=== Task goal ===
Once you find the line with "5 Binstead Road, Faulconbridge, NSW, 2776, Faulconbridge" in the data below, transcribe exactly each line from there to the line with "Blanket Chest and Pillows EBTH", inclusive, and nothing else. Drop the pictures.

=== Data provided ===

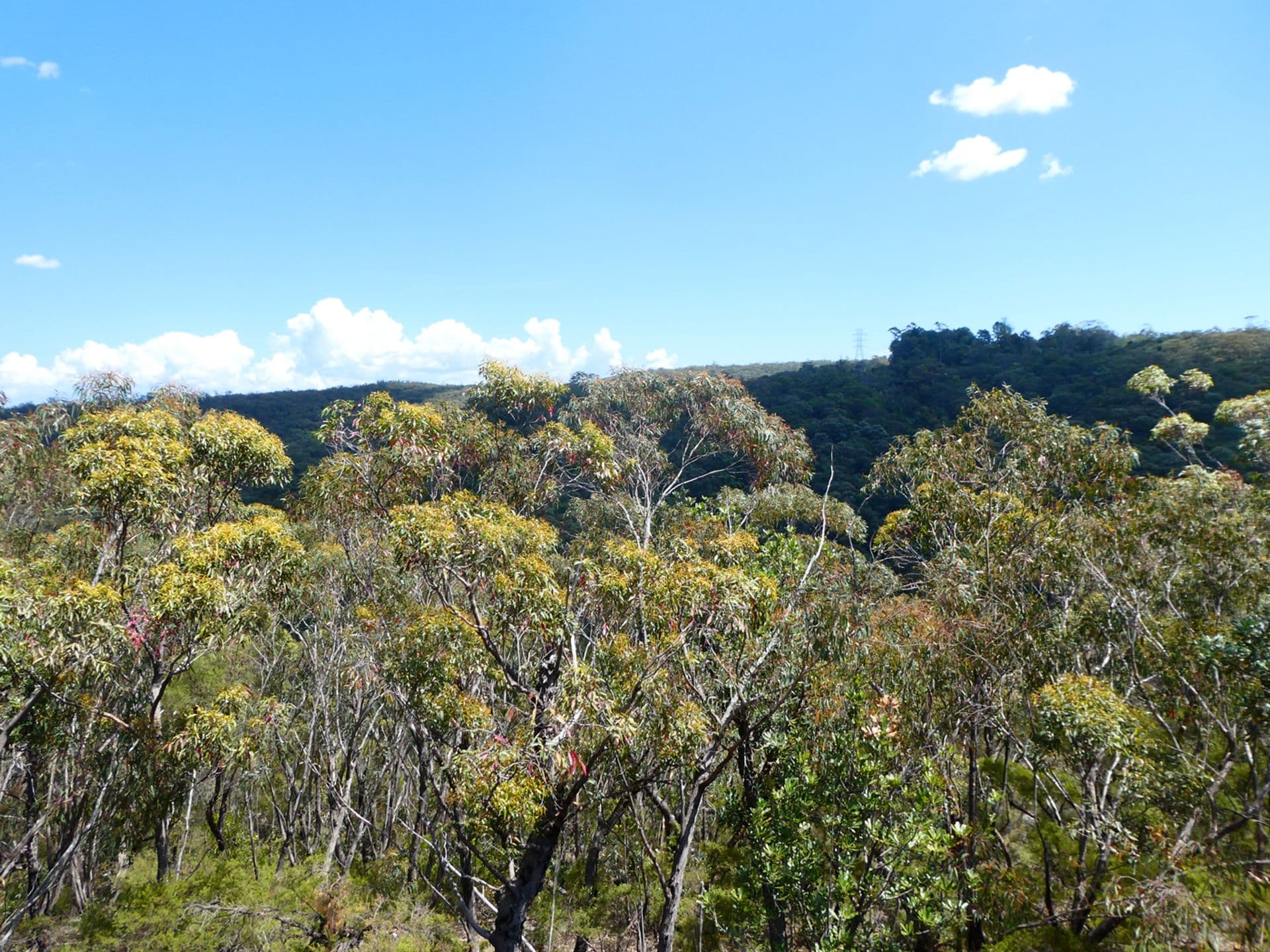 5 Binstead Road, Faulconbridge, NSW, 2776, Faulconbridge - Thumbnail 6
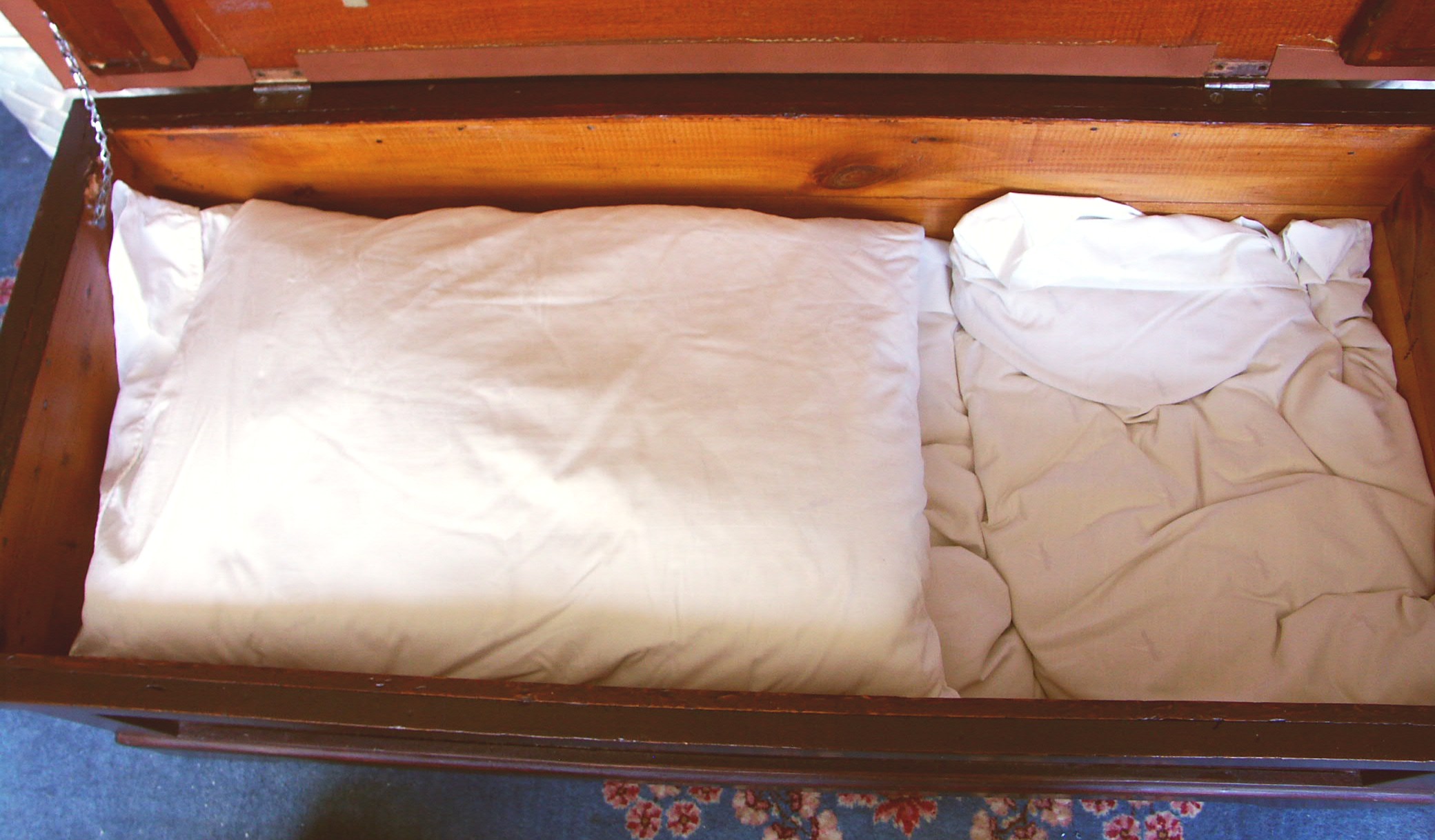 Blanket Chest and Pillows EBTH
---
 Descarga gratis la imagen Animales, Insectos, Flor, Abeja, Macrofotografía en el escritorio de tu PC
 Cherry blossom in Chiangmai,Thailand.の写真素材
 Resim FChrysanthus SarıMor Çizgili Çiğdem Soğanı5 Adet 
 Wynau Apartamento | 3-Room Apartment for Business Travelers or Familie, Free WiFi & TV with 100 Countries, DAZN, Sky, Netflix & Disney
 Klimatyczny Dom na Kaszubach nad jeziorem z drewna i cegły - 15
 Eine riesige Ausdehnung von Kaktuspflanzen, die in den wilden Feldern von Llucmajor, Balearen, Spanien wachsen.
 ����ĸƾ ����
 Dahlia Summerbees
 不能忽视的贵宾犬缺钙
---
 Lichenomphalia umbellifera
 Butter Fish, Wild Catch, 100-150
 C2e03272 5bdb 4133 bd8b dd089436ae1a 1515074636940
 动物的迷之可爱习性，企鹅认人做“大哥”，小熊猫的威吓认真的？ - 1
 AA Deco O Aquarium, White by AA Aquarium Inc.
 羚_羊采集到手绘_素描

=== Response below ===
 5 Binstead Road, Faulconbridge, NSW, 2776, Faulconbridge - Thumbnail 6
 Blanket Chest and Pillows EBTH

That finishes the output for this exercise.